На рассвете вместе с полусотней припозднившихся оптиматов их догнал гонец с запиской от Быстряна: «Ты забыл распорядиться, кто остается в Липове наместником».
Дарника разбирал смех: даже его неустрашимого воеводу смущало присутствие урожденной княжны и высылка подчинившегося ей молодого вожака. Ну раз Всеслава обозвала письменные законы глупостью и княжеской ловушкой, то он и дальше не будет ничего письменного приказывать. А пускай-ка его воеводы и тиуны сами решат, как им действовать и насколько слушаться княжескую жену. И вместо ясного ответа на явно заданный в записке вопрос, Рыбья Кровь послал Быстряну приказ готовить повозки и колесницы для ополченской хоругви.

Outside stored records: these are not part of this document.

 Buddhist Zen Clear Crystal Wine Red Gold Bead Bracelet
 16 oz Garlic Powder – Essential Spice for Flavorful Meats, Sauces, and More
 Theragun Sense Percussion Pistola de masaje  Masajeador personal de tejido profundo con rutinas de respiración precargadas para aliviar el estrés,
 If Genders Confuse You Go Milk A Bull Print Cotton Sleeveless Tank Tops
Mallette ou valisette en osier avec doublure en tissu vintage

Понимание того, что он погорячился с походом хоругви оптиматов, пришло к Дарнику лишь в Малом Булгаре. Гребенское княжество по своей силе уступало лишь столице каганата. Кроме полутысячного походного войска, там имелось еще столько же хорошо обученных крепостных гридей, не говоря уже о многотысячном ополчении из числа самих горожан. Сам Гребень состоял из нескольких частей, в том числе и каменного детинца на противоположном высоком берегу Малого Танаиса. Ну ворвется он в левобережный посад, пустит там красного петуха, а дальше что? Отступать преследуемым рассвирепевшими гребенцами? Да и как вообще может так поступать он, Дарник, всюду объявляя себя защитником продаваемых на чужбину словенских рабов?

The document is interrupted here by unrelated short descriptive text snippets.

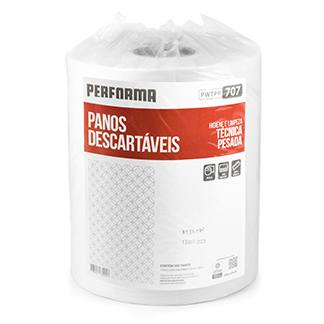 Pano Descartavel - Rolo - 300 Unidades - para Limpeza Pesada -30X34CM - Branco - Performa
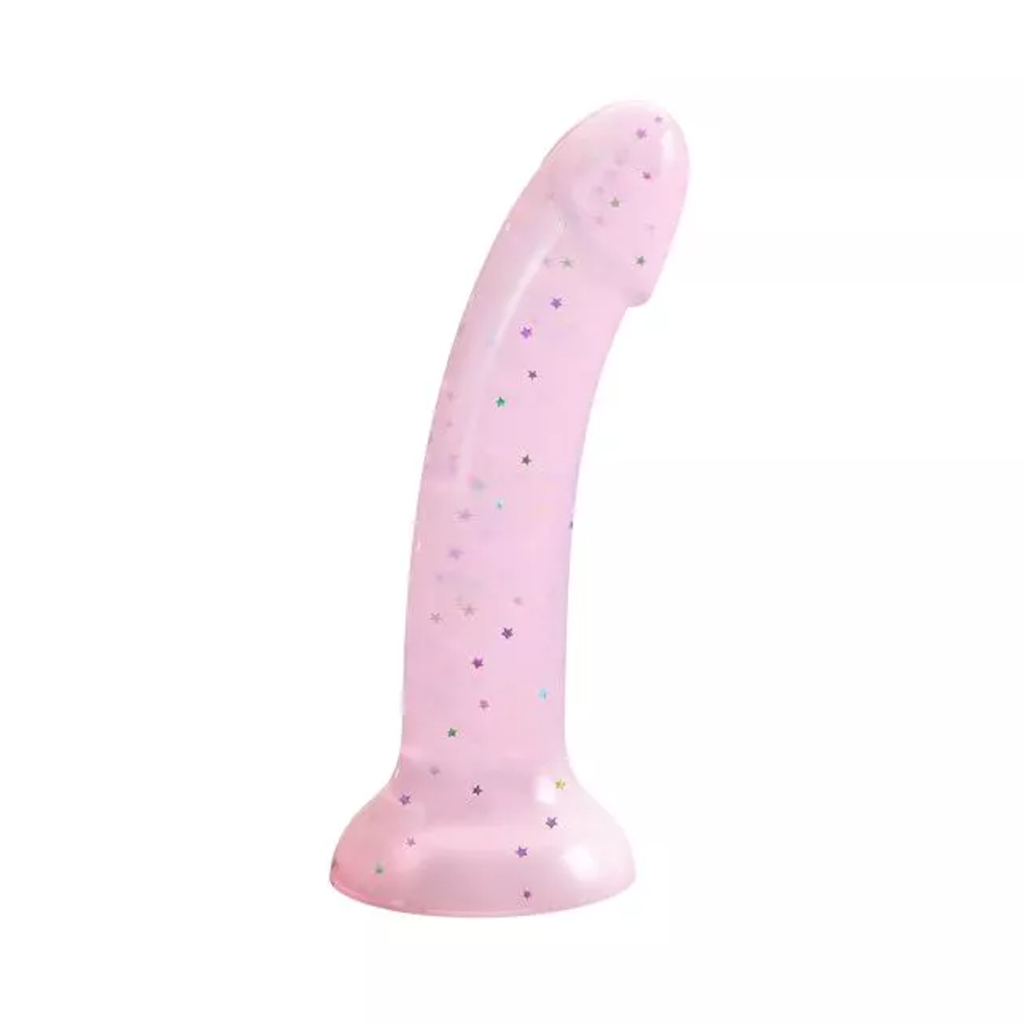 DILDOLLS - STARLIGHT pink silicone dildo with glitter for pleasure.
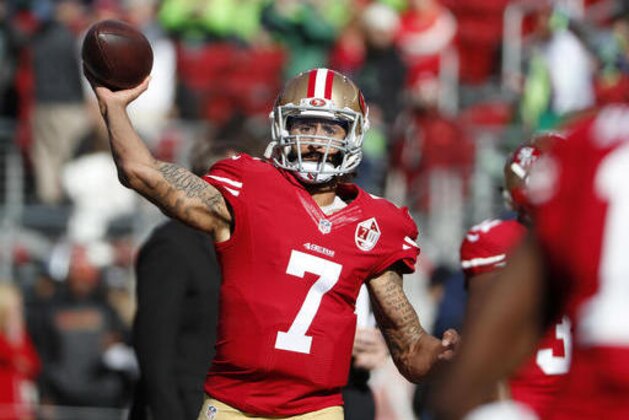 San Francisco 49ers quarterback Colin Kaepernick (7) warms up before an NFL football game against the Seattle Seahawks in Santa Clara, Calif., Sunday, Jan. 1, 2017. (AP Photo/Tony Avelar)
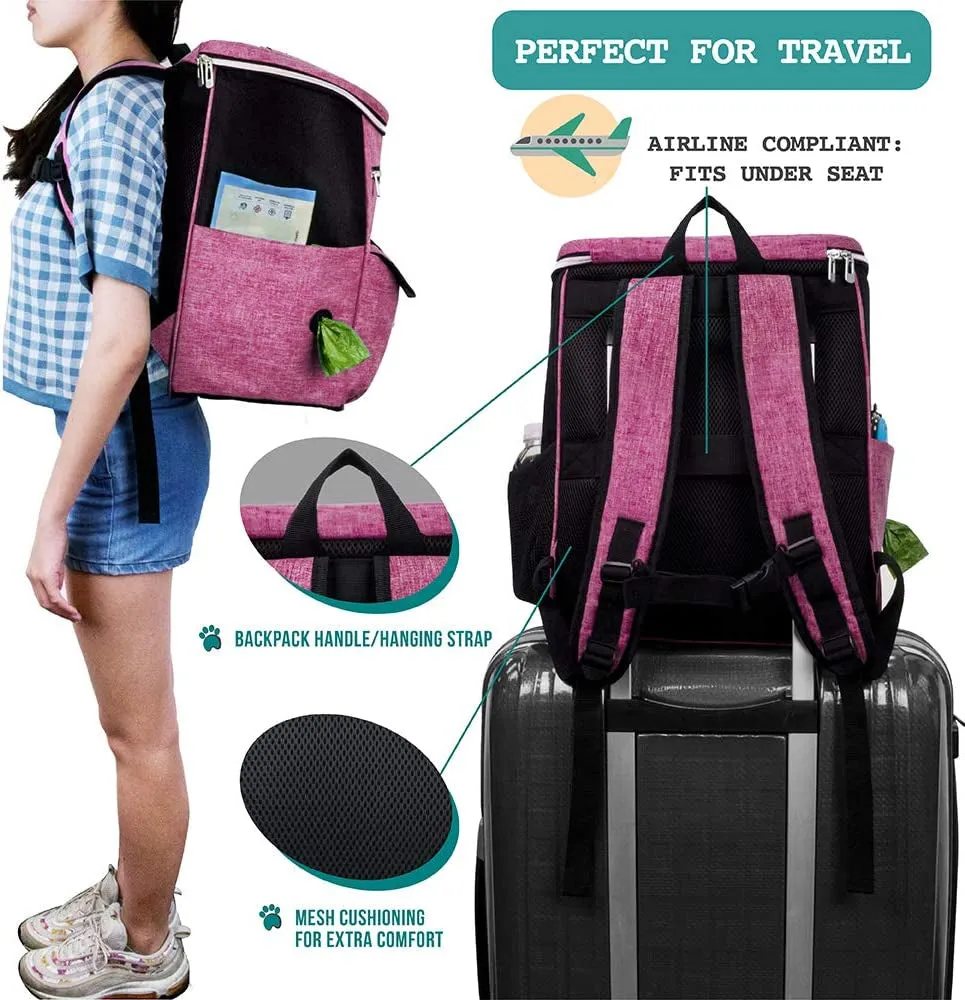 Stylish Pink Dog Travel Backpack - Airline Approved Carrier with Collapsible Bowls and Food Containers for Adventurous Pet Parents
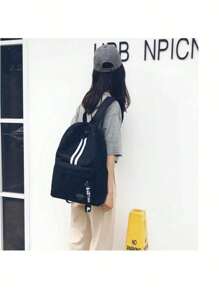 Mochila Moda De Viaje Para Estudiantes Universitarios - Negro - Ver 3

К счастью, даже неотступно следующий за ним Корней воздерживался от каверзных расспросов. Поэтому, усилием воли отодвинув от себя катастрофическое будущее, Дарник деловито занялся пока еще безмятежным настоящим: отобрал из булгар конную полусотню с полусотней вьючных лошадей, пополнил запасы стрел и больших пеших щитов, прямо с крепостных стен снял с десяток малых камнеметов с их треногами и быстрым маршем двинулся дальше на юг.
Идти без повозок и колесниц действительно получалось в два раза быстрей. Так как вторых лошадей на всех не хватало, князь часто приказывал войску спешиваться и вести своих коней в поводу. На ночлегах в качестве ограды использовали жерди с натянутым полотнищем, сами же воины спали, постелив на землю конские попоны.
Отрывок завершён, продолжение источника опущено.